Others held up small chunks of rock-hard brown bread and screamed that this was all their few rupees could buy. With little firewood available, and neither oil lamps nor electricity, they asked how plastic would keep their many children warm during the coming winter.

The families in Block 38 arrived from Afghanistan in the past three months, but Pakistan has not yet allowed them to be inscribed on refugee rolls. Because they do not yet officially exist, they have been ineligible for ration cards or the meagre medical assistance that the UN offered official refugees in Jalozai.

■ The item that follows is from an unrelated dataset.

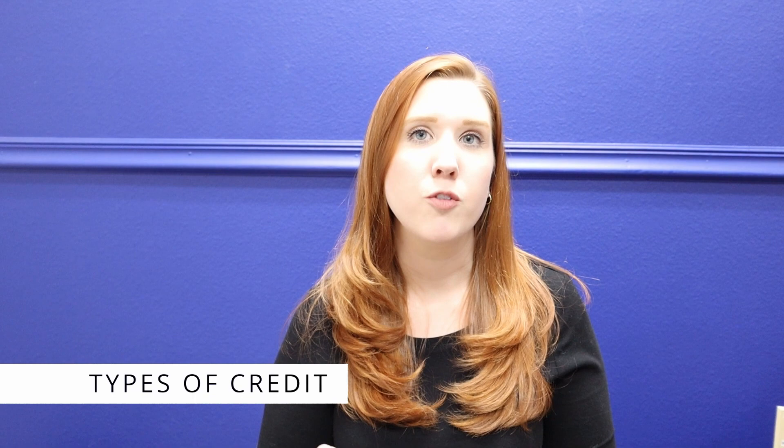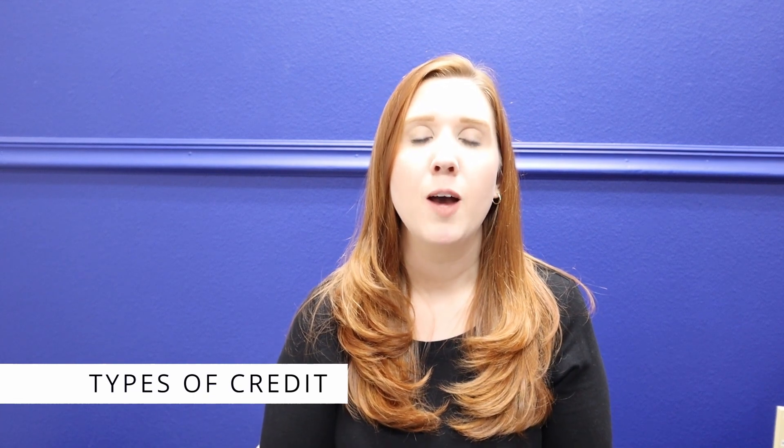The fifth component that makes up your credit score is the types of credit you have. This can make up to 85 points on a perfect credit score, or up to 10% of your overall credit score. Lenders like to see a good mix on your credit score — things like a mortgage, student loans, credit cards, or a car payment. They show that you're capable of managing many different types of credit, making you more trustworthy in the eyes of lenders.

Despite years of killer drought and civil war in Afghanistan, and now the added peril caused by U.S. air strikes, Pakistan has sealed its borders to more than one million Afghans whom the UN believes would otherwise flee. Pakistan's refusal seemed heartless. The truth of it is that Pakistan has already been burdened with more refugees than any other nation.

Hosting two million Afghan refugees, some of whom arrived more than 20 years ago, has seriously complicated Pakistan's own attempts to deal with poverty and drought. The Afghans, with their tribal customs and conservative religious beliefs, have been thrust into an explosive ethnic mix, contributing to a growing rift between secularists and Islamic fundamentalists.

The families stuck in Block 38 had only three concerns -- food, water and warmth. The moonscape they now called home was not furnishing them with any of them.